▸ **Saved entries**:

>>>>

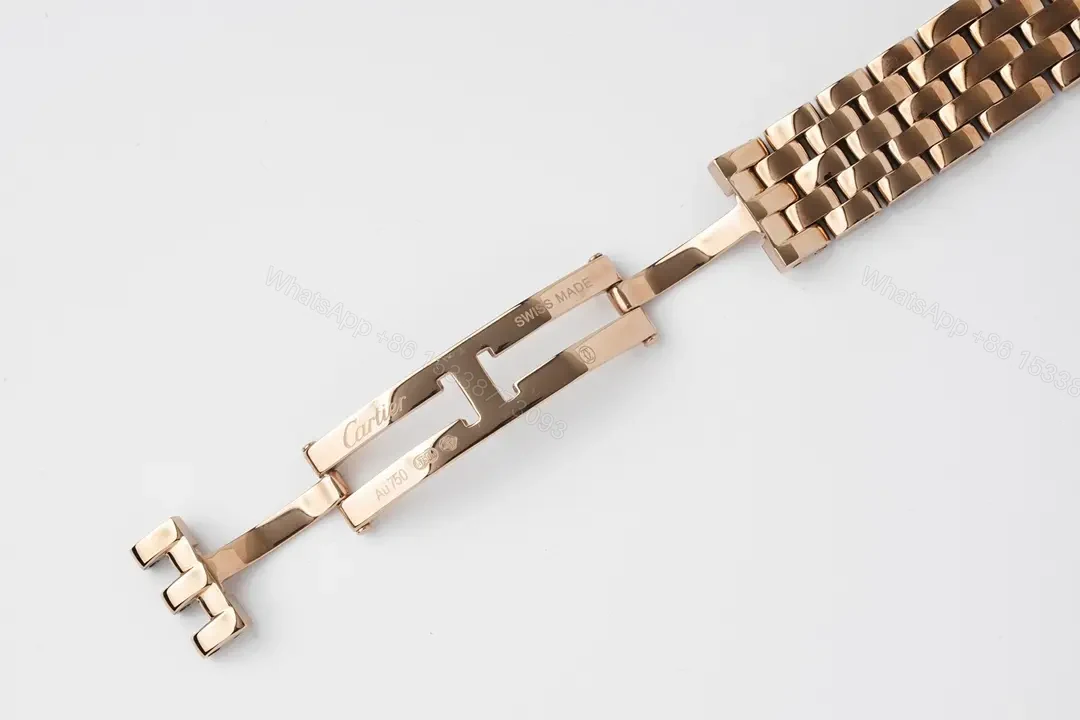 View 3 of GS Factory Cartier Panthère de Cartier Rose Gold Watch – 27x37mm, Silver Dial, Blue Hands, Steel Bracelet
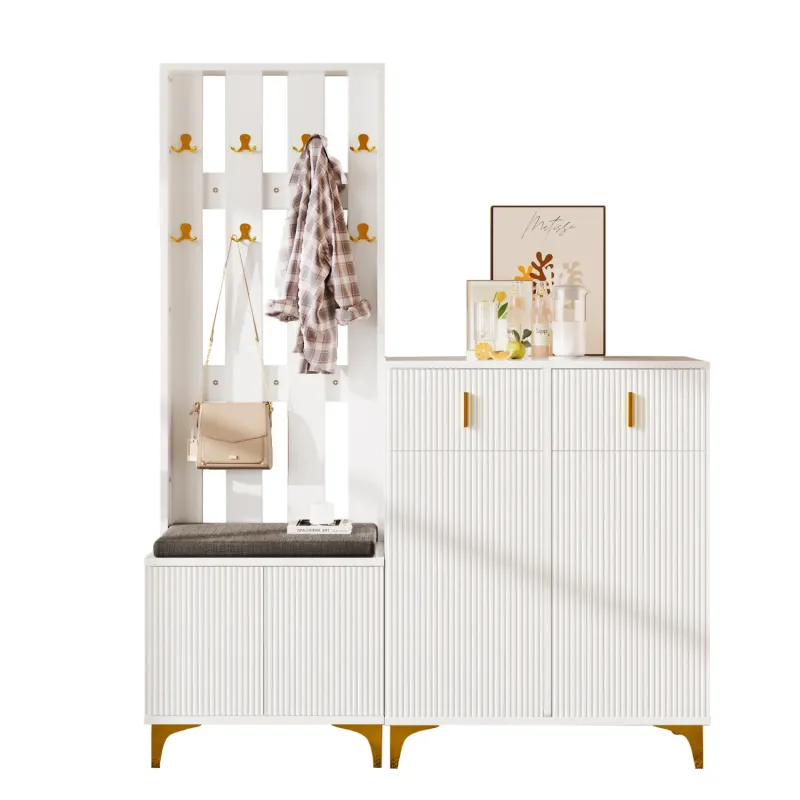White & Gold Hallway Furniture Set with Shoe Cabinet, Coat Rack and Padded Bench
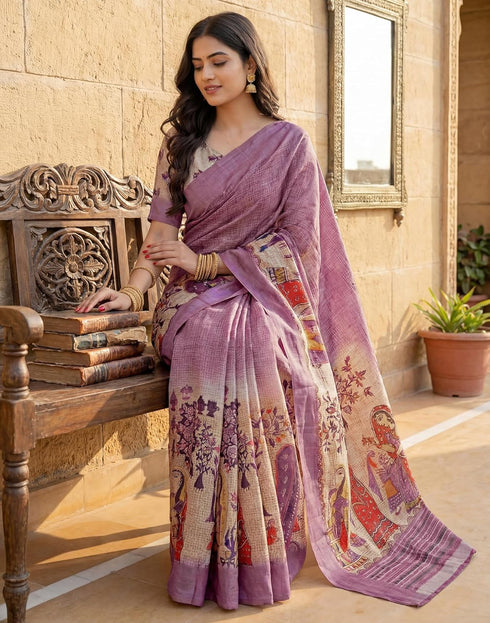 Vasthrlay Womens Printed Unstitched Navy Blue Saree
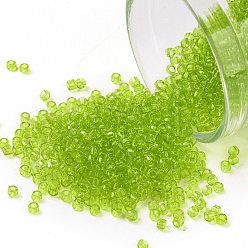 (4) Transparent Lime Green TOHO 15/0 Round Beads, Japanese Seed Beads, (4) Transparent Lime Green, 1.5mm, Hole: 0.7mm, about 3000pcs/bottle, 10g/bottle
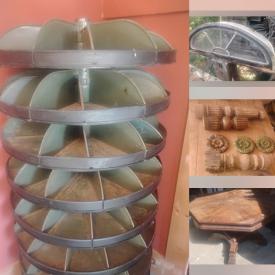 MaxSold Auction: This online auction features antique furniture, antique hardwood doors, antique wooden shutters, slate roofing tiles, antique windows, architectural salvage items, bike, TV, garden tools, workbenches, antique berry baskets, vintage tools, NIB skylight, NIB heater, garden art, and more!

<<<<

▸ **ASSIGNED TASK**: Each record above should be retyped exactly, with no pictures carried over.

▸ **ANSWER SECTION**:
 View 3 of GS Factory Cartier Panthère de Cartier Rose Gold Watch – 27x37mm, Silver Dial, Blue Hands, Steel Bracelet
White & Gold Hallway Furniture Set with Shoe Cabinet, Coat Rack and Padded Bench
 Vasthrlay Womens Printed Unstitched Navy Blue Saree
 (4) Transparent Lime Green TOHO 15/0 Round Beads, Japanese Seed Beads, (4) Transparent Lime Green, 1.5mm, Hole: 0.7mm, about 3000pcs/bottle, 10g/bottle
 MaxSold Auction: This online auction features antique furniture, antique hardwood doors, antique wooden shutters, slate roofing tiles, antique windows, architectural salvage items, bike, TV, garden tools, workbenches, antique berry baskets, vintage tools, NIB skylight, NIB heater, garden art, and more!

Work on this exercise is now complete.